Pour les parcs éoliens en mer, les promoteurs font effectivement des demandes de dérogation, mais le problème, c'est qu'elles sont systématiquement accordées : 31 pour Dunkerque, 59 pour Saint-Brieuc, majoritairement des oiseaux, et ce sera encore beaucoup plus Bretagne sud. Or, les oiseaux marins se reproduisent très lentement ce qui signifie que pour certaines espèces fragiles, la disparition, même en faible nombre, d'adultes reproducteurs peut entrainer très rapidement un effondrement. Rappelons également la position du CNPN dans son autosaisine : « L'adéquation des objectifs éoliens offshore avec l'objectif de zéro perte nette de biodiversité inscrit aux articles L. 110- 1 et L. 163-1 du code de l'environnement paraît difficile voire impossible à atteindre au regard de la connaissance actuelle des incidences » ; et ceci d'autant plus avec l'impact cumulé des parcs qui n'est jamais pris en considération -et comment le pourrait-il ? (Autosaisine du CNPN sur le développement de l'énergie offshore en France et ses impacts sur la biodiversité, le patrimoine naturel et les paysages (Juillet 2021)

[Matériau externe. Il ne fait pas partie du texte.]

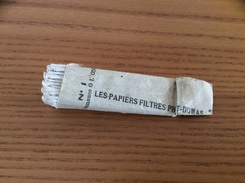 LES PAPIERS FILTRES PRAT-DUMAS N°1 (5 Pièces Anciens Dans Emballage D'origine) - Material Und Zubehör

De nombreuses espèces d'oiseaux marins le long de nos côtes sont en danger critique : le Pingouin Torda, le Macareux moine (symbole de la LPO), l'eider à duvet, L'océanite tempête, le Puffin des Anglais, le Puffin des Baléares , la sterne de Dougall, la sterne arctique. Là où ils sont présentes, les zones éoliennes doivent leur céder la place.

La mer n'est pas la poubelle de la terre, que ce soit pour la pollution ou pour les éoliennes. Les zones industrielles éoliennes en mer ont beau profiter systématiquement d''une RIIPM (raison impérative d'intérêt public majeur) ce que nous contestons, elles doivent aussi respecter le maintien dans un état de conservation favorable, des populations des espèces concernées dans leur aire de répartition naturelle. Espérons que nous serons entendus.

NB : la même semaine, après la mort d'un aigle royal (il y a deux ans) la justice a ordonné l'arrêt d'un parc éolien (Bernagues ) dans l'Hérault pour un an et condamné l'exploitant (Energie Renouvelable du Languedoc) à une amende de 200 000 euros, dont 100 000 avec sursis. Son dirigeant, François Daumard a écopé lui d'une amende de 40 000 euros, dont 20 000 avec sursis. L'OFB a mis en évidence un « dysfonctionnement du système de détection des oiseaux », ce qui n'est pas rassurant   lien  PIEBÎEM réclame la même protection pour les oiseaux marins.